February 26, 2021 | 12:00pm-1:30pm: Balancing “Coverage” with Composition…and How Low-Stakes Writing Can Help
One of the most common objections faculty give to incorporating writing activities in their classes is along the lines of “I’ve got so much content to cover…I can’t possible throw writing in on top of that!” As we will learn in this workshop, writing need not, indeed, should not, be merely an “add-on” that takes students’ time and attention away from course content. In fact, there are a number of low-stakes writing activities that enhance students’ engagement with a course’s ideas and improve their understanding of those ideas. Best of all, these activities can be worked into courses in nearly any discipline and they require little, if any, feedback or grading. Participants will come away from this short workshop with easy-to-implement ways to incorporate writing into almost any course.
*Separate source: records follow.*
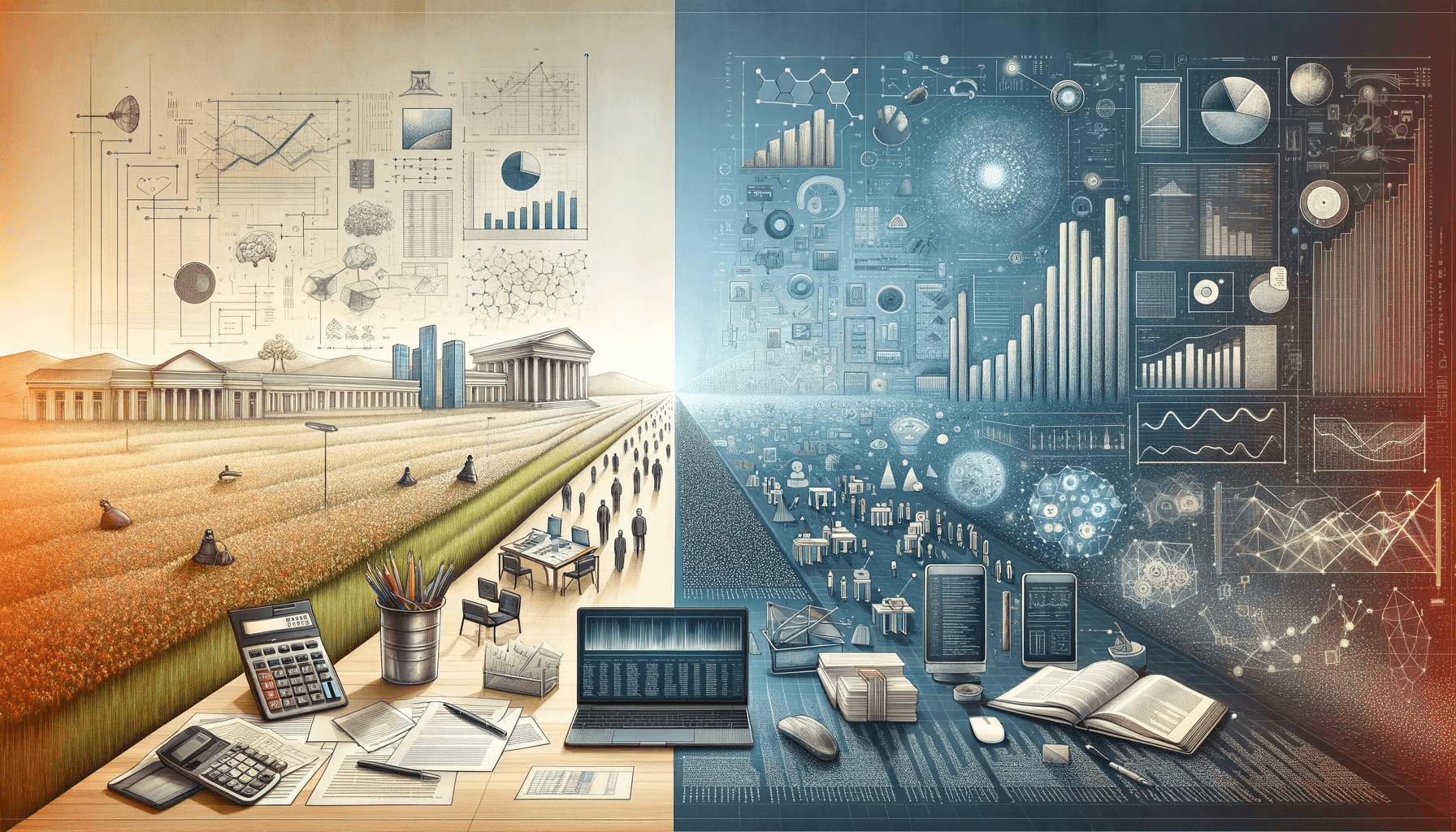 conceptual comparison of actuarial and data science work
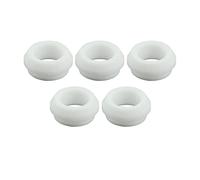 RIVERWELD Isolateur de Lentille de Gaz TIG Coupe Joint de Gaz 18-7 pour QQ300 PTA DB SR WP 17 18 26 Torche de Soudage TIG 5pcs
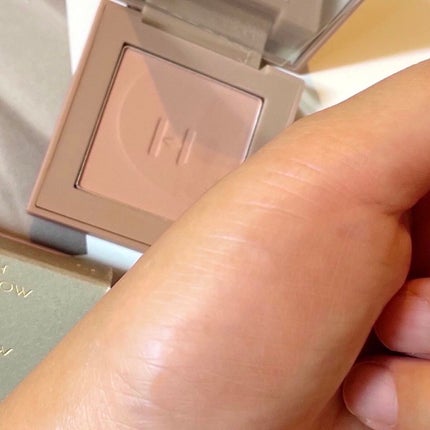 ニューデップスアイシャドウ/hince/単色アイシャドウを使ったクチコミ(2枚目)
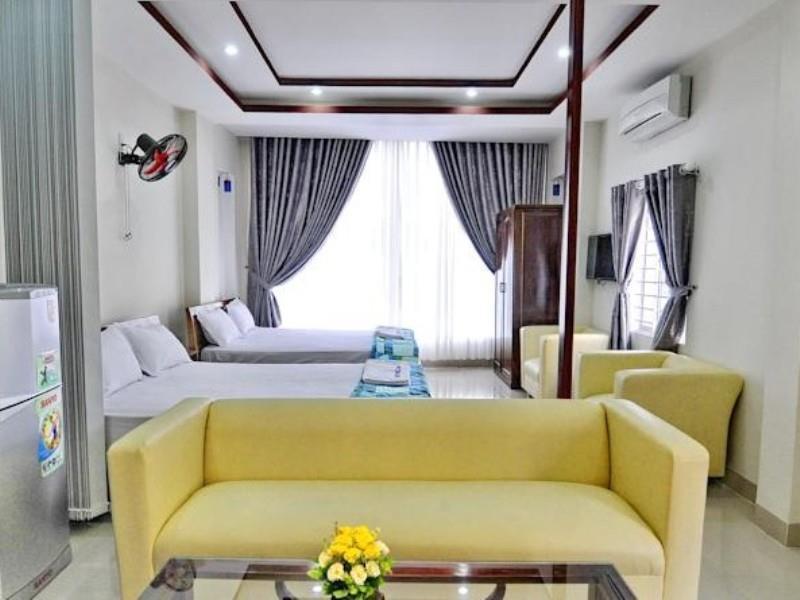 Duy Phuoc Hotel Nha Trang Buitenkant foto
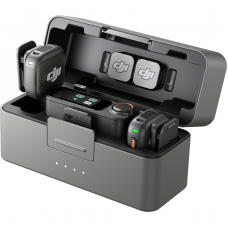 Мікрофонна радіосистема для камери, для смартфона DJI MIC 3 2TX + 1RX + Charging Case (CP.RN.00000480.01)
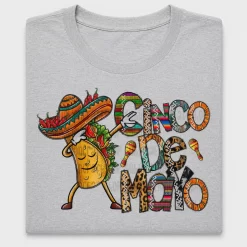 Cinco De Mayo Taco DTF Transfer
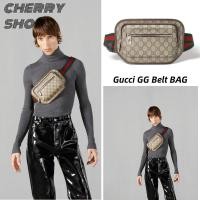 ราคา ราคาดีที่สุดของแท้ 100%กุชชี่ Gucci GG Belt BAGWaist Bags & Chest Bagsแพ็คหน้าอก กระเป๋าคาดเอวผู้ชา (27221506323)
March 5, 2021 | 3:30pm-5:00pm: Assessing and Responding to Writing in STEM Classes
Responding to student writing is challenging, even for seasoned instructors of writing. Instructors in STEM fields, in particular, often struggle when they first begin to give their students feedback on their disciplinary writing. In this workshop we will discuss a number of helpful strategies, including using rubrics, guiding students in peer review, and giving multi-modal feedback, that will help faculty in any discipline give meaningful feedback to their students’ writing, effectively and efficiently.
Interested in either of these events? Click here to enroll.
Patrick Bahls received his Ph.D. in mathematics from Vanderbilt University and completed a post doc at the University of Illinois at Urbana-Champaign before joining the faculty at UNC Asheville, where he currently teaches in the Math Department and directs the school’s prison education program. Through most of his nearly quarter-century of teaching at the college level, Patrick has worked to use writing to help students grapple with concepts from their discipline, regardless of their field of study. He has led dozens of workshops on writing in the disciplines, writing to learn, and writing across the curriculum and authored the text Student Writing in the Quantitative Disciplines: A Guide for College Faculty (Jossey-Bass 2012).